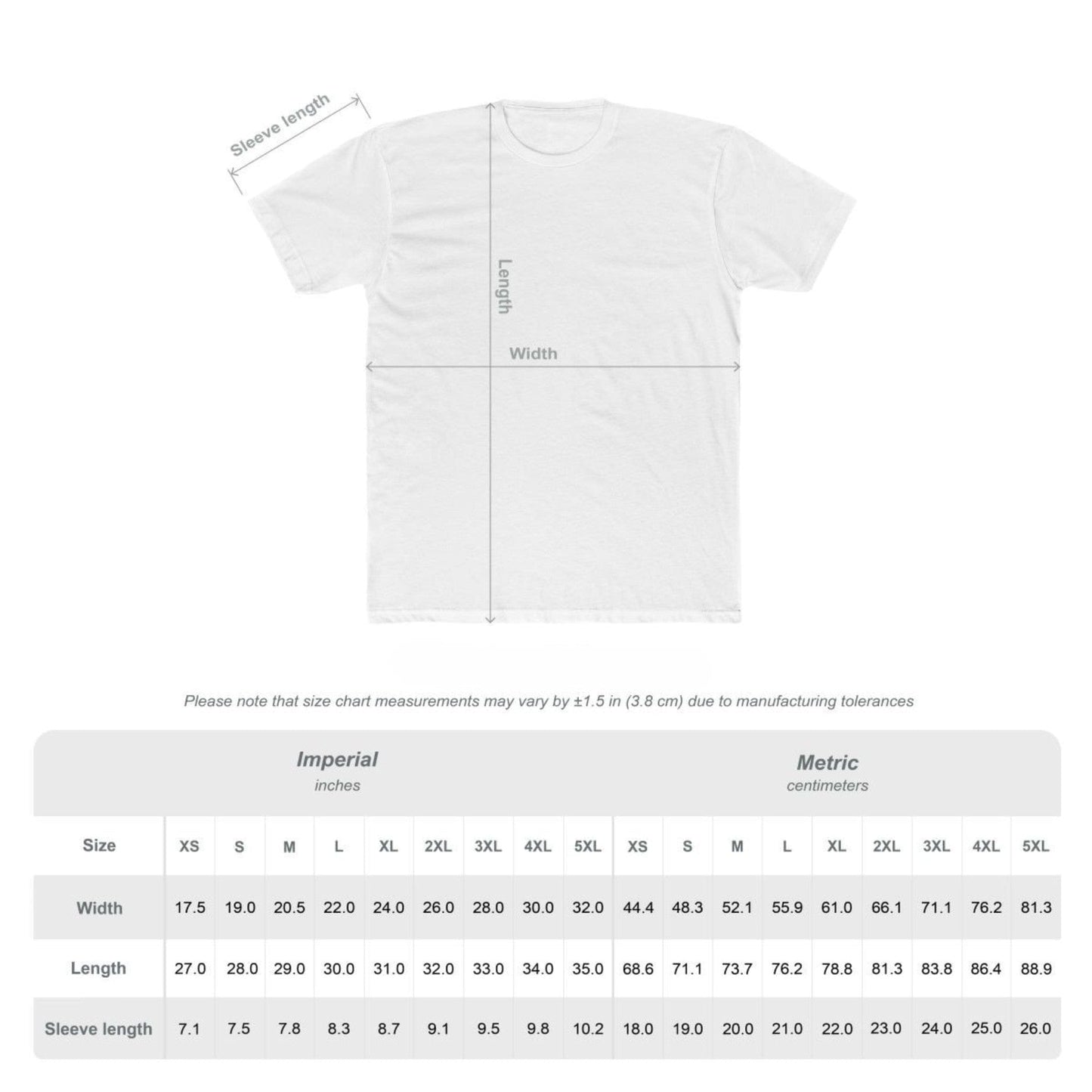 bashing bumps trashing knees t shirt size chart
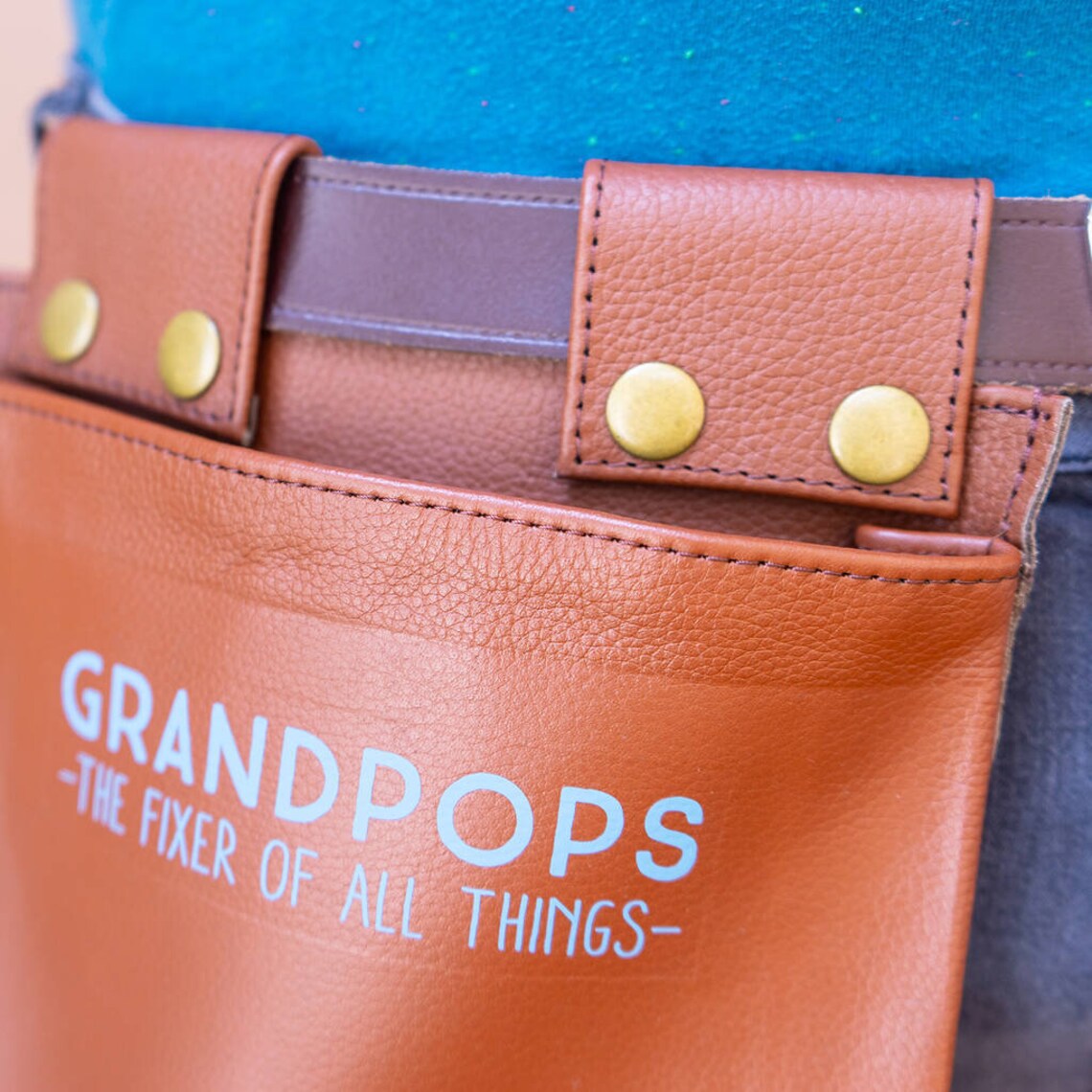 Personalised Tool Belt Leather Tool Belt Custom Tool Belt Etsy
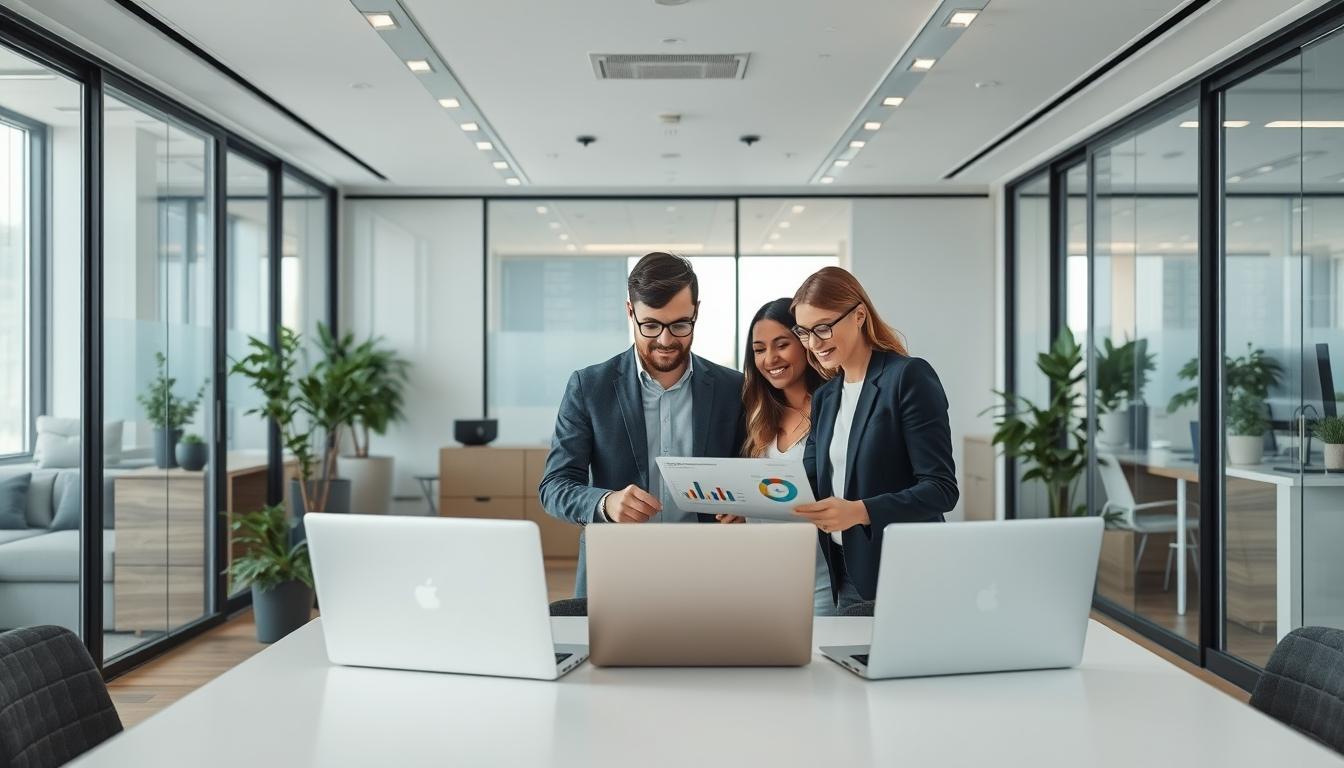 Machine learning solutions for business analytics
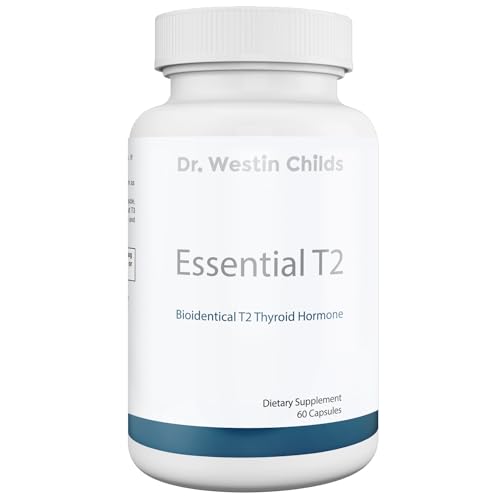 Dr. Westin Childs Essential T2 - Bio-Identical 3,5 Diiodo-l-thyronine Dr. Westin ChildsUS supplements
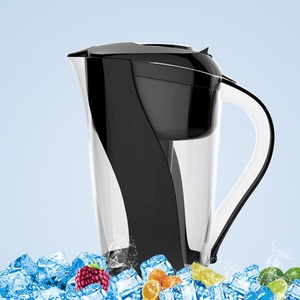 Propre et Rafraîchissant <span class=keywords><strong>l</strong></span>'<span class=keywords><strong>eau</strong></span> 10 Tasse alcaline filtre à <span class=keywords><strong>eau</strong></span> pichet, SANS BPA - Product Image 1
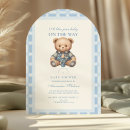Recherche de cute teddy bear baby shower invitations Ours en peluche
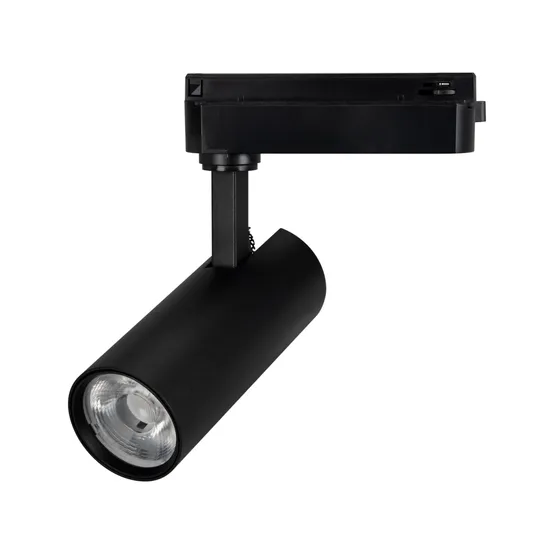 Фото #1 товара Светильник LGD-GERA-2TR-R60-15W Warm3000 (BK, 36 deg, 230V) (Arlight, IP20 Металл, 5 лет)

--------

## EXERCISE DETAILS:
Would you return all of the data above word for word, omitting every picture?

## YOUR SOLUTION:
 bashing bumps trashing knees t shirt size chart
 Personalised Tool Belt Leather Tool Belt Custom Tool Belt Etsy
 Machine learning solutions for business analytics
 Dr. Westin Childs Essential T2 - Bio-Identical 3,5 Diiodo-l-thyronine Dr. Westin ChildsUS supplements
 Propre et Rafraîchissant <span class=keywords><strong>l</strong></span>'<span class=keywords><strong>eau</strong></span> 10 Tasse alcaline filtre à <span class=keywords><strong>eau</strong></span> pichet, SANS BPA - Product Image 1
Recherche de cute teddy bear baby shower invitations Ours en peluche
 Фото #1 товара Светильник LGD-GERA-2TR-R60-15W Warm3000 (BK, 36 deg, 230V) (Arlight, IP20 Металл, 5 лет)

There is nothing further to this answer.